The Hushamu Pyrophyllite occurrence is located at an elevation of approximately 400 metres on a northeast-facing slope, southwest of Hushamu Creek and approximately 600 metres southeast of the southeast end of Hushamu Lake.
Regionally, the area is underlain by northwest-trending belts of basaltic volcanics and carbonate sedimentary rocks of the Upper Triassic Karmutsen and Quatsino formations (Vancouver Group) and mafic to felsic volcanics and sediments of the Upper Triassic to Middle Jurassic Bonanza Group (Holberg volcanic unit, Nahwitti River wacke and Parson Bay Formation). These volcanic and sedimentary rocks have been intruded by granodioritic rocks of the Lower to Middle Jurassic Island Plutonic Suite.

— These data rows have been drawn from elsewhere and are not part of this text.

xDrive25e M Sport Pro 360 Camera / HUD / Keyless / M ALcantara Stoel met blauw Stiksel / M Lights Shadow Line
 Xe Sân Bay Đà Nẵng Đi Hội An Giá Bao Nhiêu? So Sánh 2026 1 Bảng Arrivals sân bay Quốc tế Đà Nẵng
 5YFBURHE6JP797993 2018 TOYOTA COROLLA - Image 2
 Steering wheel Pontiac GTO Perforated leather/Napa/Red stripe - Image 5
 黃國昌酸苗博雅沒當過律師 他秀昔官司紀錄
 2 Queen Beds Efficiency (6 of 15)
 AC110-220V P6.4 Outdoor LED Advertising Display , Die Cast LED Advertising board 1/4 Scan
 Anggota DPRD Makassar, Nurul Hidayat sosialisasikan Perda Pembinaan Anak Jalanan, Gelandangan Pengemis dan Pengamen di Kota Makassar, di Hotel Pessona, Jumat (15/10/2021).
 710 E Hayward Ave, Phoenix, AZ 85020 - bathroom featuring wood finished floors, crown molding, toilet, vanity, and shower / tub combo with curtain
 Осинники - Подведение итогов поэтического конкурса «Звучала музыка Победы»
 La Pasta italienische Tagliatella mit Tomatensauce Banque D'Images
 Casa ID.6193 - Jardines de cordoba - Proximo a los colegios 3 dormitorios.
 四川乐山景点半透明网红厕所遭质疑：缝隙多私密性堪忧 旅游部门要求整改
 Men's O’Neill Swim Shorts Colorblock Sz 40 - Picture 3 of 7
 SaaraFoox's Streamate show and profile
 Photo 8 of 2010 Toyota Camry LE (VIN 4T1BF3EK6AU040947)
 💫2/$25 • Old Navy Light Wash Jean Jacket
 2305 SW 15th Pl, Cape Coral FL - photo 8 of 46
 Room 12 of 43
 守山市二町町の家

Locally, pyrophyllite-bearing silicified breccia has been interpreted as a volcanic centre (Geology, Exploration and Mining 1974, page 217). Additional centres are found to the northwest and are associated with the Hep (MINFILE 092L 078), Red Dog (MINFILE 092L 200) and South Knob (MINFILE 102I 013) occurrences. Similar mineralization is found to the southeast, including another pyrophyllite-bearing breccia interpreted as a volcanic centre at the Pemberton (MINFILE 092L 308) occurrence and in the vicinity of the Island Copper (MINFILE 092L 158) deposit where pyrophyllite-bearing zones are exposed in the mine workings.
The occurrence is described as a pyrophyllite-bearing silicified breccia that hosts minor disseminated pyrite and chalcopyrite. The breccia also contains sericite, clay and zeolites. The pyrophyllite is thought to be formed as a product of hydrothermal alteration during low-grade regional metamorphism (Open File 1988-19).
The area has been explored in conjunction with the nearby Hushamu (MINFILE 092L 240) copper-gold porphyry occurrence and a complete exploration history can be found there.